**GIVEN INFORMATION**:
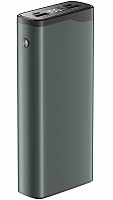 Внешний аккумулятор QL-20, 20000mAh, 22.5W QuickCharge3.0/PowerDelivery LCD OLMIO темно-зеленый
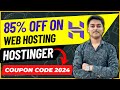 Best hostinger discount coupon code 2024  upto 85 off 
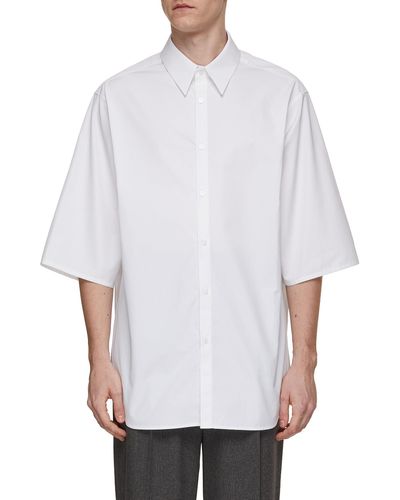 we11done Oversized Quarter Sleeve Shirt - White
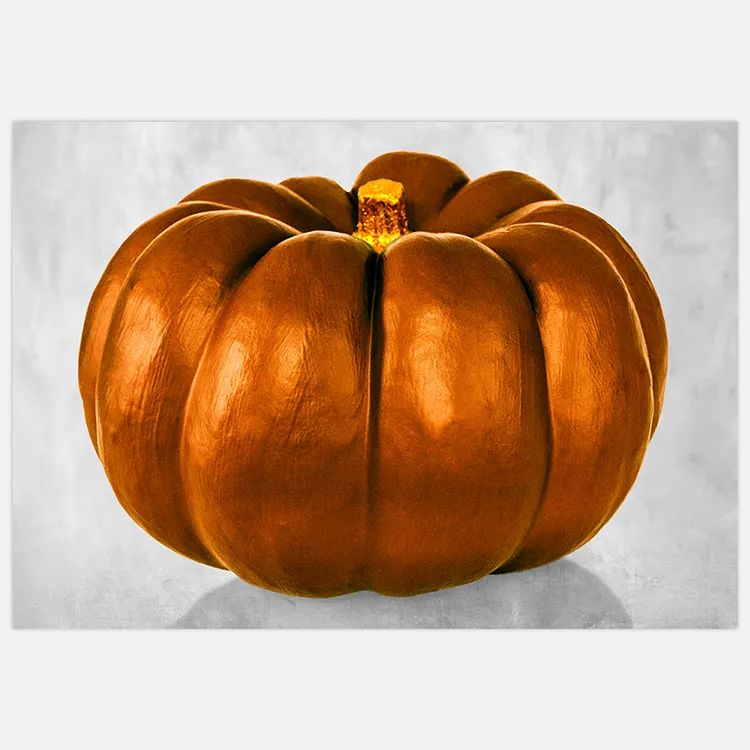 Pumpkin Orange Art Print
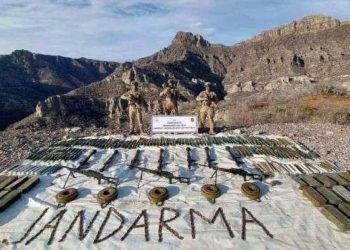 Jandarmadan Cizre’de operasyon: Çok sayıda mühimmat ele geçirildi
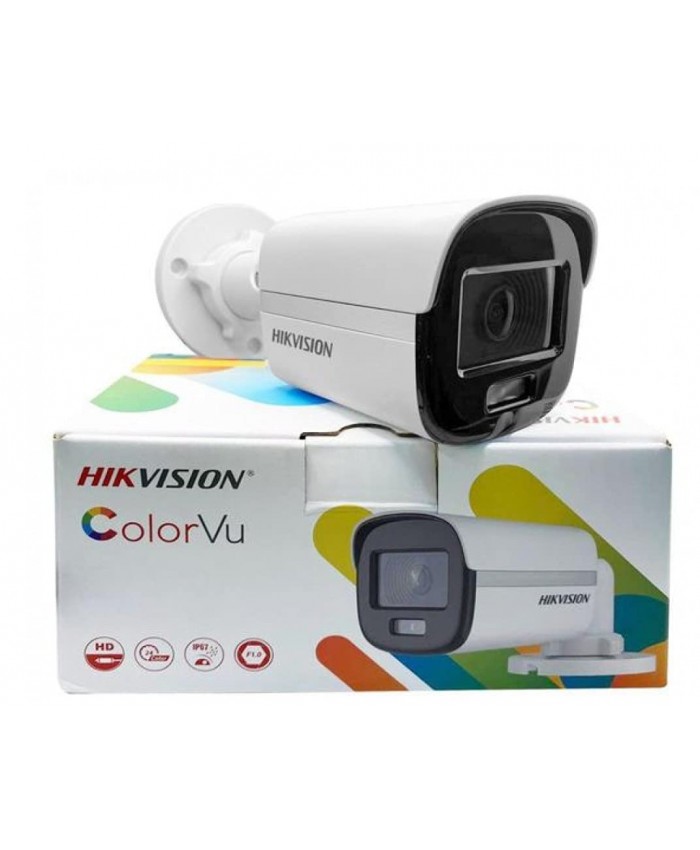 HIKVISION BULLET 2MP WDR NIGHT COLOUR (2CE10DF3T) 3.6MM BUILT IN MIC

**PROBLEM DETAILS**:
Please repeat every record exactly as it stands, leaving out any pictures.

**COMPLETED EXERCISE**:
 Внешний аккумулятор QL-20, 20000mAh, 22.5W QuickCharge3.0/PowerDelivery LCD OLMIO темно-зеленый
 Best hostinger discount coupon code 2024  upto 85 off 
 we11done Oversized Quarter Sleeve Shirt - White
 Pumpkin Orange Art Print
 Jandarmadan Cizre’de operasyon: Çok sayıda mühimmat ele geçirildi
 HIKVISION BULLET 2MP WDR NIGHT COLOUR (2CE10DF3T) 3.6MM BUILT IN MIC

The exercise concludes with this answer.